The system that’s most likely to catch players out is timed finishing. All of the existing shooting systems remain in place, where you can hold to add more power, but now you can add risk and reward into the mix, tapping a second time just as the ball is hitting your player’s foot or head to add accuracy and power. It applies to all kinds of shots, from headers to crosses and even dribbles, but the timing necessary for each is different, because it depends on when they make contact with the ball. Get the timing wrong and you’ll sky that volley, but get it just right and the keeper will have to pull out something special to make the save – thankfully it’s not a guaranteed goal, but rather something that increases your chances and pushes your shot to the margins.

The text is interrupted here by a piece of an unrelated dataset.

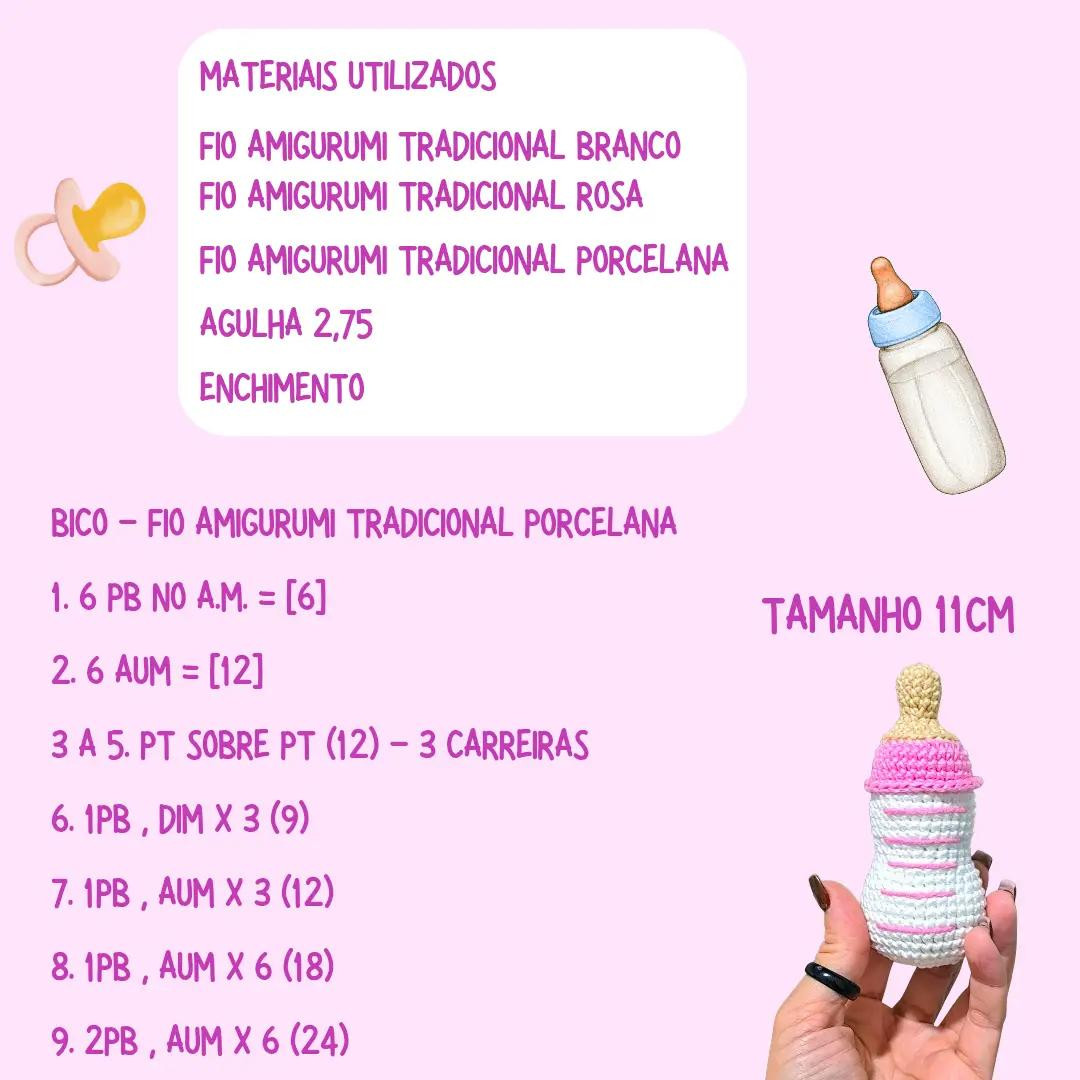 Mamadeira de Amigurumi: Gráfico de Crochê Gratuito e Detalhado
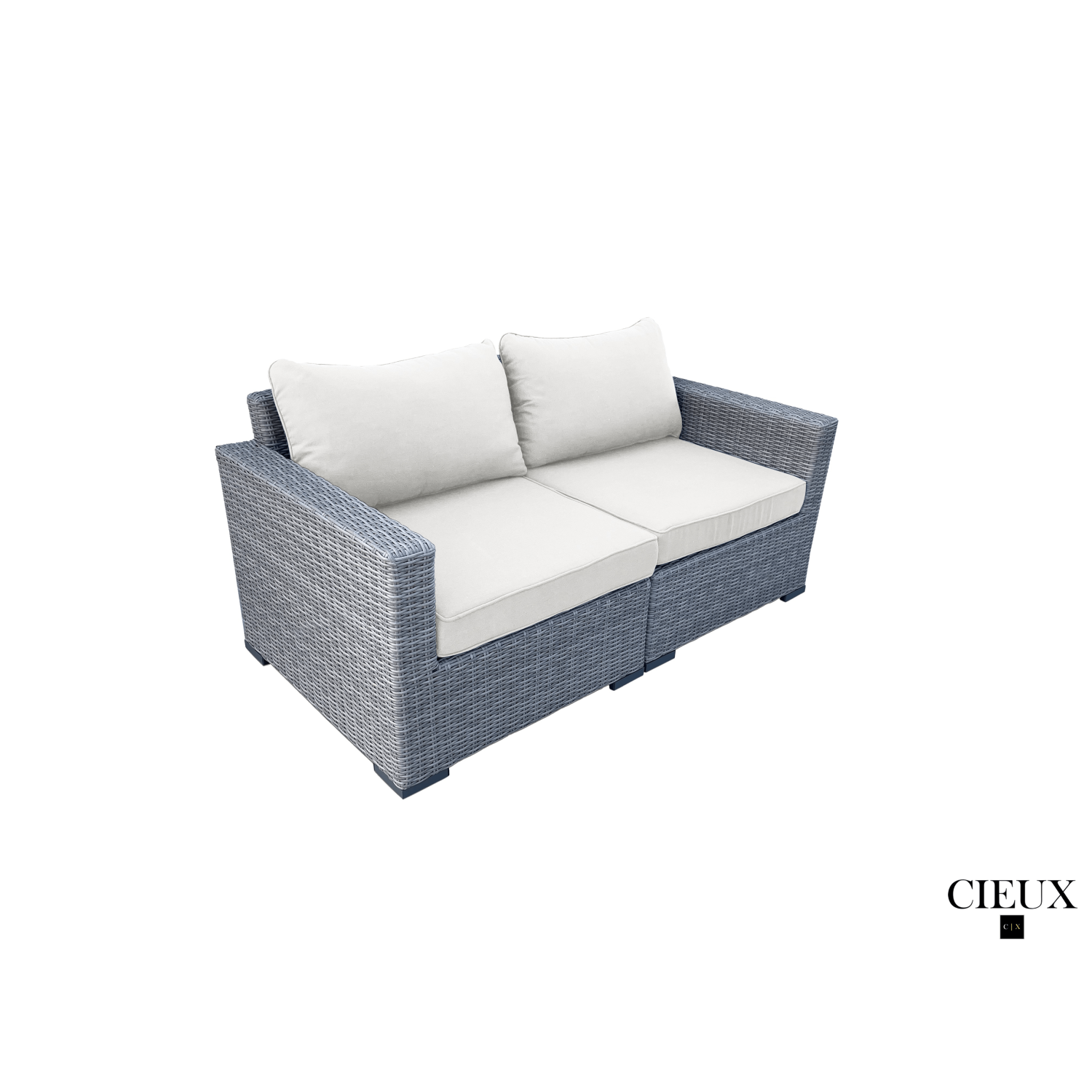 CIEUX Cannes Outdoor Patio Wicker Modular Loveseat in Grey with Sunbrella Cushions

On a more fundamental level, the overhauled dynamic tactics system will really let you go all in and tweak the positioning, of players and their attitudes. You can rig it to automatically switch from 3 at the back to 5 when going extra defensive, and map this to the D-pad tactics, and an interesting new ‘pressure on heavy touch’ option allows you to conserve your team’s stamina by only pressing up when the other team drop back from the attack, trying to push them into a costly mistake and open up the counter.
Alongside a few additions and changes to the game that I can’t yet talk about, this was easily most engaging and fun FIFA preview event I’ve been to. The new UEFA licenses are pretty much what you’d want and expect from the game, but when you get onto the pitch the various new systems make for a simultaneously more forgiving and deeper game, one that’s more dynamic and more convincing as a game of football.